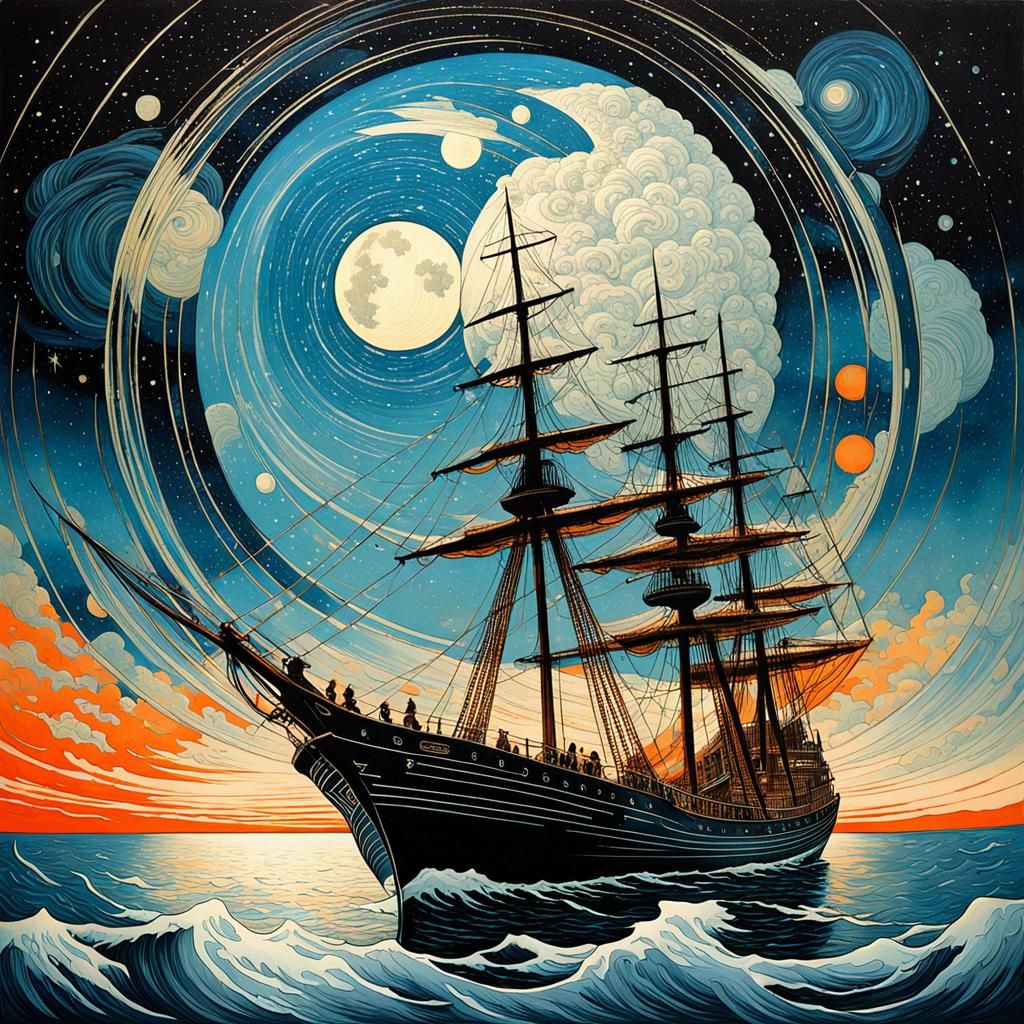 Ship Sails the Milky Way: Ukiyo-e Fairytale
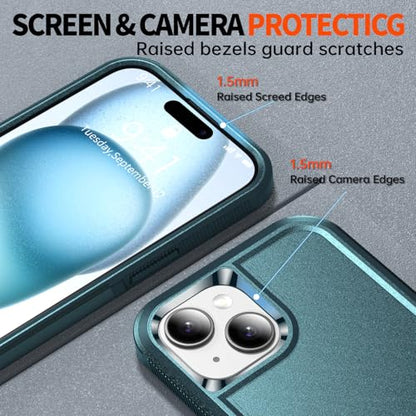 Shockproof for iPhone 15 Case,[15 FT Military Grade Drop Protection],with 2X [Tempered Glass Screen Protector ] with Air Bumpers Full-Body Protective Phone Case, Blackish Green - color: Blackish Green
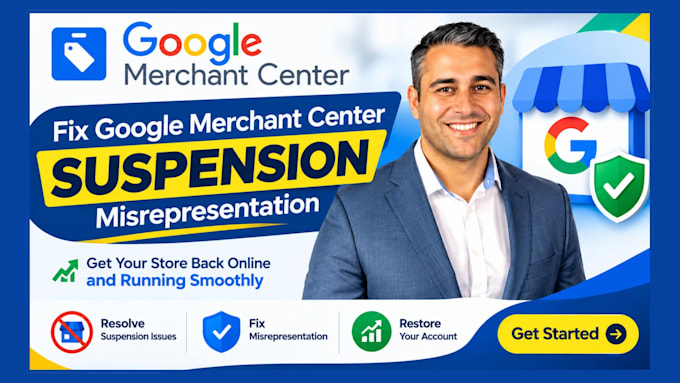 fix google merchant center suspension, misrepresentation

************

The copy must begin at the line containing "Shockproof for iPhone" and end at the last line of the data above, with every line retyped exactly and no pictures included.

### [OUTPUT]
 Shockproof for iPhone 15 Case,[15 FT Military Grade Drop Protection],with 2X [Tempered Glass Screen Protector ] with Air Bumpers Full-Body Protective Phone Case, Blackish Green - color: Blackish Green
 fix google merchant center suspension, misrepresentation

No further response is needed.